TLDR:
A carveout in business refers to either: (1) a provision in a contract excluding certain items from coverage, or (2) a corporate transaction where a parent company sells a minority stake in a subsidiary through an IPO.
Types of Carveouts in M&A
In M&A, the most common carveout is the business carveout, where a parent company separates and sells a distinct business division or subsidiary. This can take the form of a stock carveout (IPO of a subsidiary), a direct sale to a strategic acquirer, or a spin-off to existing shareholders. Carveouts allow corporations to unlock value hidden within conglomerates, focus management attention on core businesses, and monetize undervalued divisions without selling the entire enterprise.
Carveout vs.
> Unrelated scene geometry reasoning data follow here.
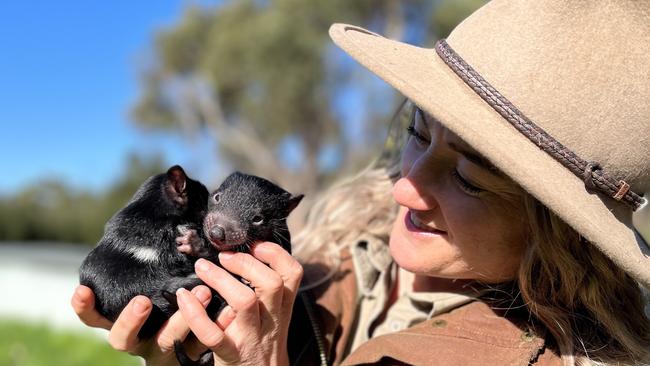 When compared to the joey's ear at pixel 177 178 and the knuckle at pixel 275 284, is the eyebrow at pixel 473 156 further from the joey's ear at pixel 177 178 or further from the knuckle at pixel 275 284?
the joey's ear at pixel 177 178

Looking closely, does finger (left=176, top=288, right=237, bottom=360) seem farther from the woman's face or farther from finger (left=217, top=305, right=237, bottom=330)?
the woman's face

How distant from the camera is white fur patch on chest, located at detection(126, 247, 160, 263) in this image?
6.66 feet

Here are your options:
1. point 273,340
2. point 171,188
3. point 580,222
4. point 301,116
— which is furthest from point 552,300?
point 301,116

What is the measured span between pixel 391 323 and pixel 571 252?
29.5 inches

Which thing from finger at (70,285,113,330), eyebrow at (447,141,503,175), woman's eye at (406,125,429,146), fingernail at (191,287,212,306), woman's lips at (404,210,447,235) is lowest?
finger at (70,285,113,330)

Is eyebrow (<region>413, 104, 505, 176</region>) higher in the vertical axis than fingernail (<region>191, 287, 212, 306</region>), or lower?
higher

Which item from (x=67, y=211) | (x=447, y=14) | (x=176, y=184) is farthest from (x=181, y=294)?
(x=67, y=211)

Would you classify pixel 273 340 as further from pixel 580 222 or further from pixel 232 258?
pixel 580 222

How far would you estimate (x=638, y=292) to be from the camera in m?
2.03

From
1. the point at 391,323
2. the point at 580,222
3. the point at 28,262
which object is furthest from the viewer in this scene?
the point at 28,262

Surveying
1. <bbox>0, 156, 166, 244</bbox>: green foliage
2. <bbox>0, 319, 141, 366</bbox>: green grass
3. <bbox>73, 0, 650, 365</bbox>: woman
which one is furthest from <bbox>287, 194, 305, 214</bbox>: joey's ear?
<bbox>0, 156, 166, 244</bbox>: green foliage

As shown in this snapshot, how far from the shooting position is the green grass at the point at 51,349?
5648 millimetres

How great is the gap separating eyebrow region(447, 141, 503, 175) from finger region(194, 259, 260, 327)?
746mm

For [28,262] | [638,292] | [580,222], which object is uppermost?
[580,222]
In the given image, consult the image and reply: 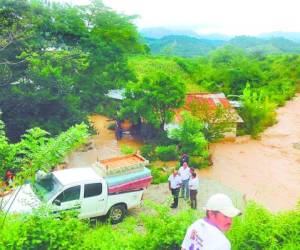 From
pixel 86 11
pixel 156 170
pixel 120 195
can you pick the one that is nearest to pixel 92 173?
pixel 120 195

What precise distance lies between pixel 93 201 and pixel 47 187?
1.22m

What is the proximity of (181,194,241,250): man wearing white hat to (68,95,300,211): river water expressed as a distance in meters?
10.9

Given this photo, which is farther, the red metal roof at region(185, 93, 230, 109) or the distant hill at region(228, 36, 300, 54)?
the distant hill at region(228, 36, 300, 54)

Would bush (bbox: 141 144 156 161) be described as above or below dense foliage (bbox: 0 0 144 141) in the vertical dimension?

Spin-Off
While both transactions separate business units, they differ in key ways. In a carveout, the parent company receives proceeds from the sale or IPO, retaining a partial or full stake. In a spin-off, existing shareholders receive shares in the new entity proportionally, and no cash changes hands at the parent level.
Carveouts in Practice
Carveouts are most commonly negotiated in restrictive covenants (non-competes, non-solicits, exclusivity provisions). For example, a vendor exclusivity provision might include carveouts for the vendor’s existing customer relationships, certain product categories not directly competitive with the customer’s business, or specific geographic markets. M&A non-compete provisions often include carveouts for the seller’s continued investments in venture-stage companies, family-office activities, or specified existing portfolio positions. Well-drafted carveouts preserve the protected party’s reasonable interests while granting necessary commercial freedom.